What is needed: Starting at the line that holds "Luxury pink crystal", transcribe every line to the end of the data exactly; include no other lines.

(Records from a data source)
• • • •

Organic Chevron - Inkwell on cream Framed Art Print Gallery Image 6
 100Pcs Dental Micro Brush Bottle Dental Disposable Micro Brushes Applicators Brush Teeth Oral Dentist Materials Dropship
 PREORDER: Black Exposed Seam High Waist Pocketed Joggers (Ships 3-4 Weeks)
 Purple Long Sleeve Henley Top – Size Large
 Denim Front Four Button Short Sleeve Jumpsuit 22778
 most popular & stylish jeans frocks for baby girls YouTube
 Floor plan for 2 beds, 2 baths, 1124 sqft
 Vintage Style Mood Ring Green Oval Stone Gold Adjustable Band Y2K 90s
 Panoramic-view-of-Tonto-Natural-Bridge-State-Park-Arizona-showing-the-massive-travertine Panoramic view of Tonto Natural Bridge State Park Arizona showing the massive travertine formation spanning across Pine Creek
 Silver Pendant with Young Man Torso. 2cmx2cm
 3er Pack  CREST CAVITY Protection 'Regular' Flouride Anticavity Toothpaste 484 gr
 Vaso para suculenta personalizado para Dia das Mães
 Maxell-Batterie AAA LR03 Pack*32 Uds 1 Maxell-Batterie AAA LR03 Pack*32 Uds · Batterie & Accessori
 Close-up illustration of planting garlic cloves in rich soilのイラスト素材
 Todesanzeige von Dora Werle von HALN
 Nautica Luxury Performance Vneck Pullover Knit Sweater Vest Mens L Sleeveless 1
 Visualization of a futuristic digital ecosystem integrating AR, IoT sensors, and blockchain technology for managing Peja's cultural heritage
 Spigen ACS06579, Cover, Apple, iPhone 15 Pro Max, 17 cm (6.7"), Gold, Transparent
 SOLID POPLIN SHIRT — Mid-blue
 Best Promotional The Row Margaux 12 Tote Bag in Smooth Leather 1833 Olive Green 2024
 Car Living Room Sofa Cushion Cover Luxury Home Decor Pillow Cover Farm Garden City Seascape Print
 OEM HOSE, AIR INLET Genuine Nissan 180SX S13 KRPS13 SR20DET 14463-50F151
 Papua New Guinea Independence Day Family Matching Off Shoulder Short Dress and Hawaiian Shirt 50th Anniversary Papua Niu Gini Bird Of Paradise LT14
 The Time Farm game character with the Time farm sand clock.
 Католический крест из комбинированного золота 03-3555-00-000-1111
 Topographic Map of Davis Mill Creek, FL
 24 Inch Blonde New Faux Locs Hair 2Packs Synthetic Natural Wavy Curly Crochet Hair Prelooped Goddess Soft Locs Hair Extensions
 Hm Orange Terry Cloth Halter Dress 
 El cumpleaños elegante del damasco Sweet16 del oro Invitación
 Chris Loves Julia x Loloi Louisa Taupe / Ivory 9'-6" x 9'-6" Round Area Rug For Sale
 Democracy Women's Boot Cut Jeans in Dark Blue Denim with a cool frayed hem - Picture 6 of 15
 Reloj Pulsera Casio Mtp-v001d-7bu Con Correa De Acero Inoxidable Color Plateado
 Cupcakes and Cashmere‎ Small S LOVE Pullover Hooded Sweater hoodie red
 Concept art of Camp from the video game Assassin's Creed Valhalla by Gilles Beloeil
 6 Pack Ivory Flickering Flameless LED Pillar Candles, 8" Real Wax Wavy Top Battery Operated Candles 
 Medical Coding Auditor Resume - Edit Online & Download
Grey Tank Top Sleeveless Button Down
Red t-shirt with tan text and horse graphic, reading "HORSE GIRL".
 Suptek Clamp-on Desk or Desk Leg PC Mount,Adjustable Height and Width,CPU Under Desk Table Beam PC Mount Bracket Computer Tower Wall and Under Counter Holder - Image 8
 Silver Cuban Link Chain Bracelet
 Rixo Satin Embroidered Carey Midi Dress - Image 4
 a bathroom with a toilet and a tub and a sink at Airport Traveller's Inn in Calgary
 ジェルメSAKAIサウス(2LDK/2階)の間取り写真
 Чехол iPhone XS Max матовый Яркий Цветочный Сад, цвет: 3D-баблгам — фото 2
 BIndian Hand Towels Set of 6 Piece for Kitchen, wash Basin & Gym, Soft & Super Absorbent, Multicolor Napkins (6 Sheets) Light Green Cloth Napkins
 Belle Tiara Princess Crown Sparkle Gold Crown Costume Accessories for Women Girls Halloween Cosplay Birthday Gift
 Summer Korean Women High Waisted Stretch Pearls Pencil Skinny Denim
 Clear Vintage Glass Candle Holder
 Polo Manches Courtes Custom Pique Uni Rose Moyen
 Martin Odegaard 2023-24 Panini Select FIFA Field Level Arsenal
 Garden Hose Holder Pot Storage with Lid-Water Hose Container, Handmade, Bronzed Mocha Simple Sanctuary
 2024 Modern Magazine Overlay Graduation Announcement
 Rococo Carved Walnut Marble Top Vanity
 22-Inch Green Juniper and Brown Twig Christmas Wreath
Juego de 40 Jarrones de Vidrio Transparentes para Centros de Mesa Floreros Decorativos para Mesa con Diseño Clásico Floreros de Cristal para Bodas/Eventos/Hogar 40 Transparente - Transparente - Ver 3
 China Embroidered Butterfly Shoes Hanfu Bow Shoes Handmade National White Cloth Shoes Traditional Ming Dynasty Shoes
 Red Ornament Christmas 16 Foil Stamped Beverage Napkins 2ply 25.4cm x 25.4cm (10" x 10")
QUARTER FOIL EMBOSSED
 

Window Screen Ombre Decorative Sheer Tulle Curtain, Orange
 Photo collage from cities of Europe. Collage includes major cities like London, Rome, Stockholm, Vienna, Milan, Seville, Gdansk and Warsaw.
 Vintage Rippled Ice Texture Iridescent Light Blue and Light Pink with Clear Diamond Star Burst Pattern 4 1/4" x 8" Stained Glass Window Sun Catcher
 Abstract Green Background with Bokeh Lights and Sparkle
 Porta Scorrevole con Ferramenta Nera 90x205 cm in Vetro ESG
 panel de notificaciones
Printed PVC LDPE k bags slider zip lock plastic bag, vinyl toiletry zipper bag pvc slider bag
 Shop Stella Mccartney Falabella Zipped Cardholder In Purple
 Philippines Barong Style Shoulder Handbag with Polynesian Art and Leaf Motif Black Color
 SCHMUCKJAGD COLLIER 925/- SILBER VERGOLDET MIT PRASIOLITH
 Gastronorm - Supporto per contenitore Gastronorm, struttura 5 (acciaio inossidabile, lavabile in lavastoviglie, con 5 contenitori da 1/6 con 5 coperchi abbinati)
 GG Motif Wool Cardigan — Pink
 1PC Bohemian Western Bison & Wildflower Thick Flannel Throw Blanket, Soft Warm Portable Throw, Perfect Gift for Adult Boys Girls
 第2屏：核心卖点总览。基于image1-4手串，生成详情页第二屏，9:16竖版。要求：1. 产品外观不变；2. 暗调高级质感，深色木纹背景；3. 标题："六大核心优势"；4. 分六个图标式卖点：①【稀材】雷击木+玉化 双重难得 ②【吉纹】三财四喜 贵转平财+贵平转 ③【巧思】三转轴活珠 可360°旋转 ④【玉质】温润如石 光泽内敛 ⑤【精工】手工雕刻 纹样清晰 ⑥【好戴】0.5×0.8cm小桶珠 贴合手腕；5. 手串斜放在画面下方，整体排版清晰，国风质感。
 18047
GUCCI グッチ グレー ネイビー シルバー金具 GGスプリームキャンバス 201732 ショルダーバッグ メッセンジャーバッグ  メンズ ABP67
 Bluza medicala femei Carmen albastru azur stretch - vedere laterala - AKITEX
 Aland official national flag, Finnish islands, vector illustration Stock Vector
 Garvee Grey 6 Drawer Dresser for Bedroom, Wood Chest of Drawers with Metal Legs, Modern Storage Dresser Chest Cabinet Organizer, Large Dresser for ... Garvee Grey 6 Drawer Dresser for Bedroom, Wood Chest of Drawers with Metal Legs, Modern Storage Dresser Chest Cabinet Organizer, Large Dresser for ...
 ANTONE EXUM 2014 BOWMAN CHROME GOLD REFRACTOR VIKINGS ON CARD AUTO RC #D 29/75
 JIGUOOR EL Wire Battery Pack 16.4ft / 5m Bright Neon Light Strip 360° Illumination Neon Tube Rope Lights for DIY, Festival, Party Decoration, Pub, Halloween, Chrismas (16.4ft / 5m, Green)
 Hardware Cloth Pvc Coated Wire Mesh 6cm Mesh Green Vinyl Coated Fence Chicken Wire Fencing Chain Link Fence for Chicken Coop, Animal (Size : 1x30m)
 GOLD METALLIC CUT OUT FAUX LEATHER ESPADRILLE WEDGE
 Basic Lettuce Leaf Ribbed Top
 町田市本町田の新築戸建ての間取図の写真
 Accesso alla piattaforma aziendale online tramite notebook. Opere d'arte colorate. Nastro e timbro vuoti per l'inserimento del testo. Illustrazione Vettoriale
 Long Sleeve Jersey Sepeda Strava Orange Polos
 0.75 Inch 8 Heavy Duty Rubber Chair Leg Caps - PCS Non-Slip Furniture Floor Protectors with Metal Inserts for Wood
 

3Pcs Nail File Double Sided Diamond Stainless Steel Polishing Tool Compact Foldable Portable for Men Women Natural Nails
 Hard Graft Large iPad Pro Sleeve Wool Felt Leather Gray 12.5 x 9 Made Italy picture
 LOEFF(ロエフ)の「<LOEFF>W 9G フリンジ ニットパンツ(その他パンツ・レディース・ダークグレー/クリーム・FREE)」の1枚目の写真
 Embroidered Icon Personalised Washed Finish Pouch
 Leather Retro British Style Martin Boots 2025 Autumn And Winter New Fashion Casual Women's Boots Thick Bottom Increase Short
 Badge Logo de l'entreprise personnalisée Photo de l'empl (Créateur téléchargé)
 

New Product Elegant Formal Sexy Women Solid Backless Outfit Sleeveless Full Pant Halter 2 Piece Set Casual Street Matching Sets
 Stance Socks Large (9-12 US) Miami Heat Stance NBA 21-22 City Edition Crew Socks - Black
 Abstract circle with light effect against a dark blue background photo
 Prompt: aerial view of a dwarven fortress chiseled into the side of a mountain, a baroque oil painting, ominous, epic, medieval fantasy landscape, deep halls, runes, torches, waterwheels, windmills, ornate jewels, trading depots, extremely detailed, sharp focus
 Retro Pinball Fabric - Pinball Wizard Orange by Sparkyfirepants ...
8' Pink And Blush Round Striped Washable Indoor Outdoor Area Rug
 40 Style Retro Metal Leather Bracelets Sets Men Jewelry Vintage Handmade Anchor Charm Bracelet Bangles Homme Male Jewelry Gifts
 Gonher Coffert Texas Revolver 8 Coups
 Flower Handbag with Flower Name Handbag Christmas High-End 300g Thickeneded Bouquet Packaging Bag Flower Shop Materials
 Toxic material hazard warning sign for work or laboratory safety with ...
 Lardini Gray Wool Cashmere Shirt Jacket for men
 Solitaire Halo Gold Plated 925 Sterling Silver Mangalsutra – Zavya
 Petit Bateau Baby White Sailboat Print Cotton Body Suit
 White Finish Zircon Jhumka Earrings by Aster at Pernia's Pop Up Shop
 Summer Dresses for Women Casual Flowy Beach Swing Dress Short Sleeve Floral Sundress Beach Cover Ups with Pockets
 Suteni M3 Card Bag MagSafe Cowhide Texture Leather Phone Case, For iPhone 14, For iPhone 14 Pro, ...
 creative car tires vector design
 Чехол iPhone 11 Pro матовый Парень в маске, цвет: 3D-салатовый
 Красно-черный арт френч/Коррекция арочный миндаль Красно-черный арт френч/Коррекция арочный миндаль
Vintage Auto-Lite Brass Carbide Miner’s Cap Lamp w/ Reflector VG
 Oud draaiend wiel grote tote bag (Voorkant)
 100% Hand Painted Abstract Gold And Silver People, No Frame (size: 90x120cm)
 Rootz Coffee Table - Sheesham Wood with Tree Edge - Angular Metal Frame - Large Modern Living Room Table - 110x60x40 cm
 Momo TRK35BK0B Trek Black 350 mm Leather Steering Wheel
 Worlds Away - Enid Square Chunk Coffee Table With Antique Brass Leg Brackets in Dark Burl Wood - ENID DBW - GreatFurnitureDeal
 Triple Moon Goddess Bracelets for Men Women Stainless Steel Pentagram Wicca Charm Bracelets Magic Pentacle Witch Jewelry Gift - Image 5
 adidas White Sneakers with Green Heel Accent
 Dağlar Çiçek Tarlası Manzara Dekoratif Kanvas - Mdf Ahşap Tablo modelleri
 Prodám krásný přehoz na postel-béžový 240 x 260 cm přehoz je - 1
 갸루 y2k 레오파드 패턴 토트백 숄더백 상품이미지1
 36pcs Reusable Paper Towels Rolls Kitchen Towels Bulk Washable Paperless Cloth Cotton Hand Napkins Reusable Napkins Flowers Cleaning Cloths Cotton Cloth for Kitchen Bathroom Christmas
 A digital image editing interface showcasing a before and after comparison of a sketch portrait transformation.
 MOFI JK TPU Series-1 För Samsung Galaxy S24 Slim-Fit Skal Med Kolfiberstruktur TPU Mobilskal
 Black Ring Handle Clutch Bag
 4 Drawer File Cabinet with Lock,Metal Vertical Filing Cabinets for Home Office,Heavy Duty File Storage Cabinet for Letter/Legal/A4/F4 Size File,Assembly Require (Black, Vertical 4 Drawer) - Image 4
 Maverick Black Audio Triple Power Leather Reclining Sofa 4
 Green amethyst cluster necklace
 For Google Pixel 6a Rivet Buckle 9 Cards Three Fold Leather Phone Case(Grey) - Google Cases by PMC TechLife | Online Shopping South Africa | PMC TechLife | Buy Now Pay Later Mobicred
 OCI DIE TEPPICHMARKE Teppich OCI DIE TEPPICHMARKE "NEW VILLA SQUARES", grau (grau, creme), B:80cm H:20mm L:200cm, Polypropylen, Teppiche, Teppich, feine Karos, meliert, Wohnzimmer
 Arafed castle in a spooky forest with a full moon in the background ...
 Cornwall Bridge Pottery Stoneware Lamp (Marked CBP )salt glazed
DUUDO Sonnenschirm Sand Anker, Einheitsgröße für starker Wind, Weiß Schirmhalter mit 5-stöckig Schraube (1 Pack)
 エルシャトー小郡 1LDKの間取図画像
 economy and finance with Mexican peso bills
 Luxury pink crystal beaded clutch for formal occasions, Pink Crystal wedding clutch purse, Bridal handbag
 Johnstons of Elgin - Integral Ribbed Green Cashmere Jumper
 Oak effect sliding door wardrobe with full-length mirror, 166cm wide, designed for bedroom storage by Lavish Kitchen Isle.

• • • •

Solution:
 Luxury pink crystal beaded clutch for formal occasions, Pink Crystal wedding clutch purse, Bridal handbag
 Johnstons of Elgin - Integral Ribbed Green Cashmere Jumper
 Oak effect sliding door wardrobe with full-length mirror, 166cm wide, designed for bedroom storage by Lavish Kitchen Isle.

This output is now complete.